Some confused regarding to Rust memory order

I have some questions regarding to Rust memory barrier, let's have a look about this example, based on the example, I made some changes:

use std::cell::UnsafeCell;
use std::sync::atomic::{AtomicUsize, Ordering};
use std::sync::{Arc, Barrier};
use std::thread;

struct UsizePair {
    atom: AtomicUsize,
    norm: UnsafeCell<usize>,
}

// UnsafeCell is not thread-safe. So manually mark our UsizePair to be Sync.
// (Effectively telling the compiler "I'll take care of it!")
unsafe impl Sync for UsizePair {}

static NTHREADS: usize = 8;
static NITERS: usize = 1000000;

fn main() {
    let upair = Arc::new(UsizePair::new(0));

    // Barrier is a counter-like synchronization structure (not to be confused
    // with a memory barrier). It blocks on a `wait` call until a fixed number
    // of `wait` calls are made from various threads (like waiting for all
    // players to get to the starting line before firing the starter pistol).
    let barrier = Arc::new(Barrier::new(NTHREADS + 1));

    let mut children = vec![];

    for _ in 0..NTHREADS {
        let upair = upair.clone();
        let barrier = barrier.clone();
        children.push(thread::spawn(move || {
            barrier.wait();

            let mut v = 0;
            while v < NITERS - 1 {
                // Read both members `atom` and `norm`, and check whether `atom`
                // contains a newer value than `norm`. See `UsizePair` impl for
                // details.
                let (atom, norm) = upair.get();
                if atom != norm {
                    // If `Acquire`-`Release` ordering is used in `get` and
                    // `set`, then this statement will never be reached.
                    println!("Reordered! {} != {}", atom, norm);
                }
                v = atom;
            }
        }));
    }

    barrier.wait();

    for v in 1..NITERS {
        // Update both members `atom` and `norm` to value `v`. See the impl for
        // details.
        upair.set(v);
    }

    for child in children {
        let _ = child.join();
    }
}

impl UsizePair {
    pub fn new(v: usize) -> UsizePair {
        UsizePair {
            atom: AtomicUsize::new(v),
            norm: UnsafeCell::new(v),
        }
    }

    pub fn get(&self) -> (usize, usize) {
        let atom = self.atom.load(Ordering::Acquire); //Ordering::Acquire

        // If the above load operation is performed with `Acquire` ordering,
        // then all writes before the corresponding `Release` store is
        // guaranteed to be visible below.
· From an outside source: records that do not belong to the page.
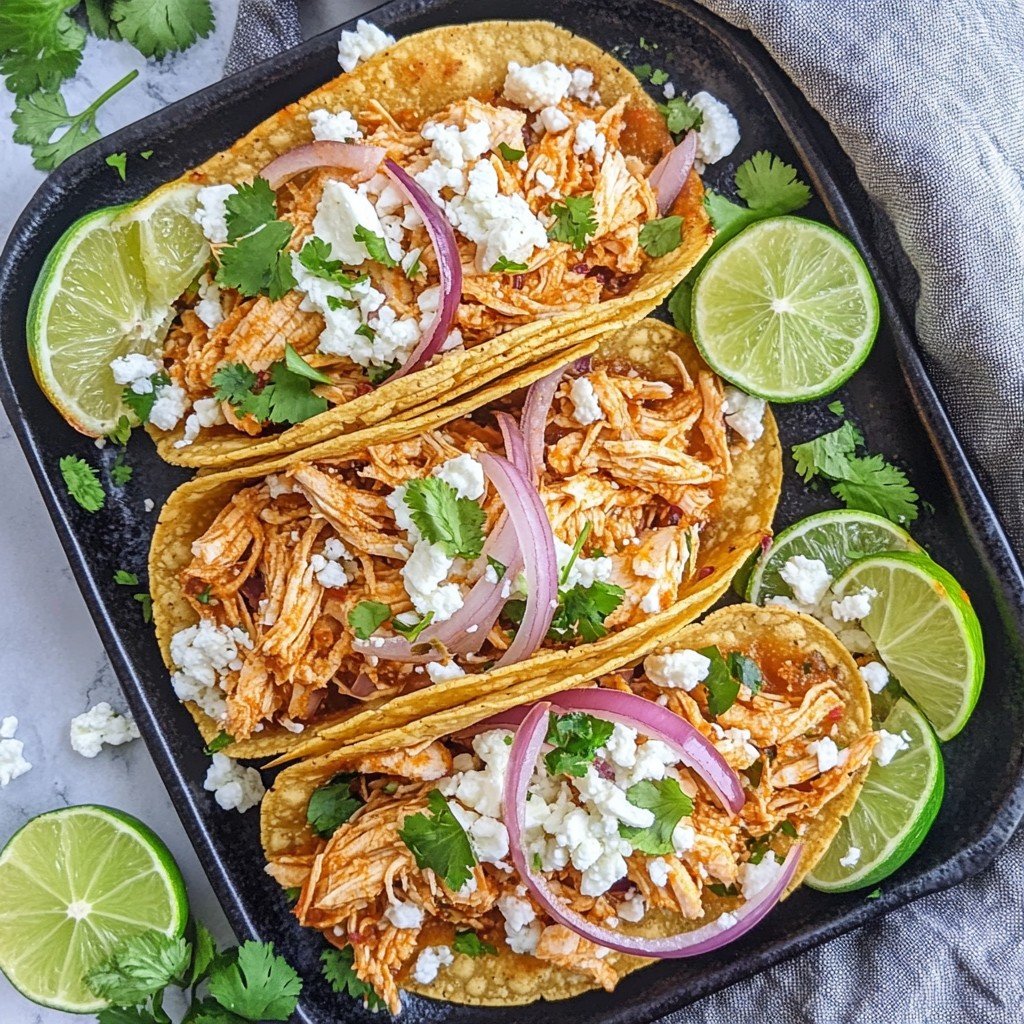 Crockpot Chicken Tacos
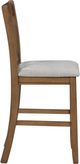 Homelegance® Junipero Brown/Light Gray Counter Height Chair-3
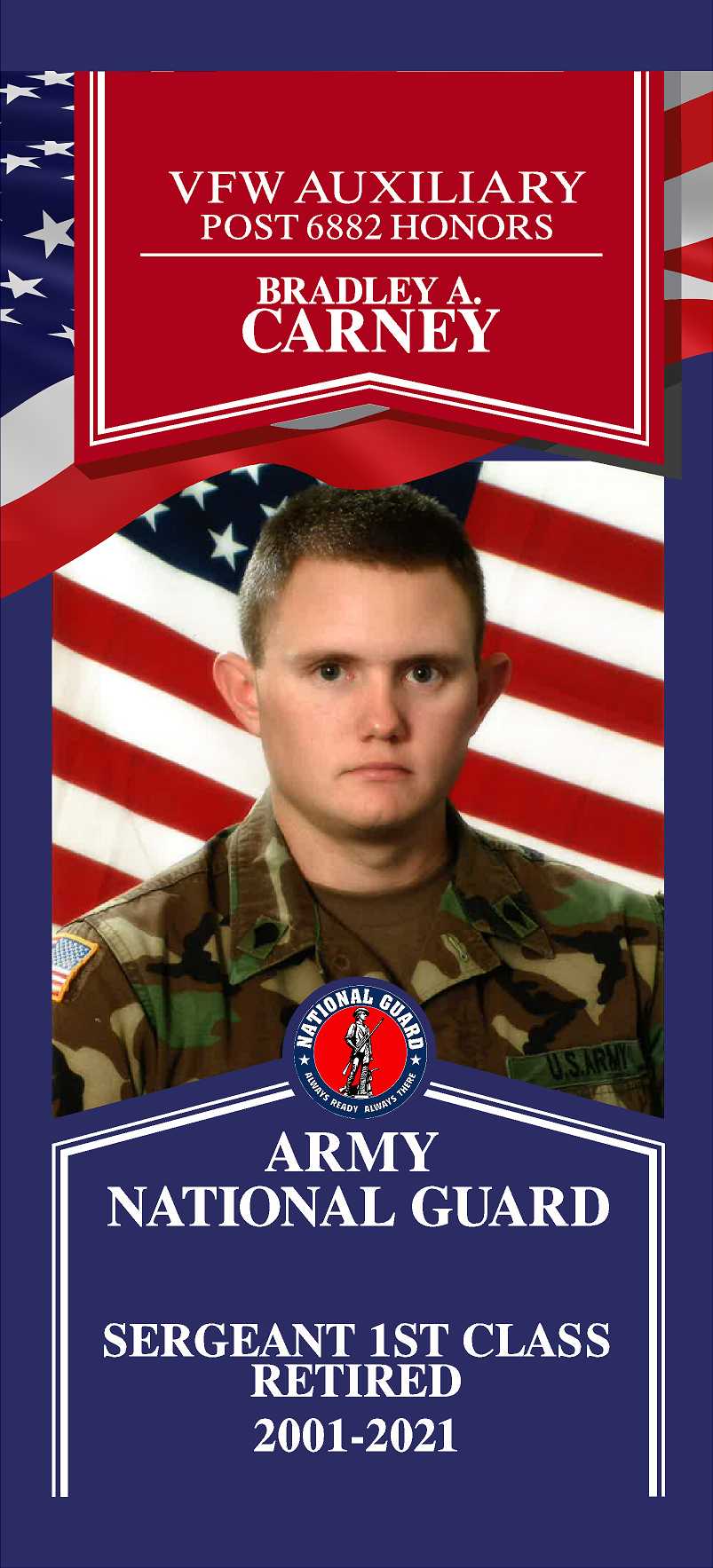 Local Heroes veteran tribute portrait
        let norm = unsafe { *self.norm.get() };
        (atom, norm)
    }

    pub fn set(&self, v: usize) {
        unsafe { *self.norm.get() = v };

        // If the below store operation is performed with `Release` ordering,
        // then the write to `norm` above is guaranteed to be visible to all
        // threads that "loads `atom` with `Acquire` ordering and sees the same
        // value that was stored below". However, no guarantees are provided as
        // to when other readers will witness the below store, and consequently
        // the above write. On the other hand, there is also no guarantee that
        // these two values will be in sync for readers. Even if another thread
        // sees the same value that was stored below, it may actually see a
        // "later" value in `norm` than what was written above. That is, there
        // is no restriction on visibility into the future.

        self.atom.store(v, Ordering::Release); //Ordering::Release
    }
}

Basically, I just changed the judge condition into if atom != norm and the memory order in get and set method.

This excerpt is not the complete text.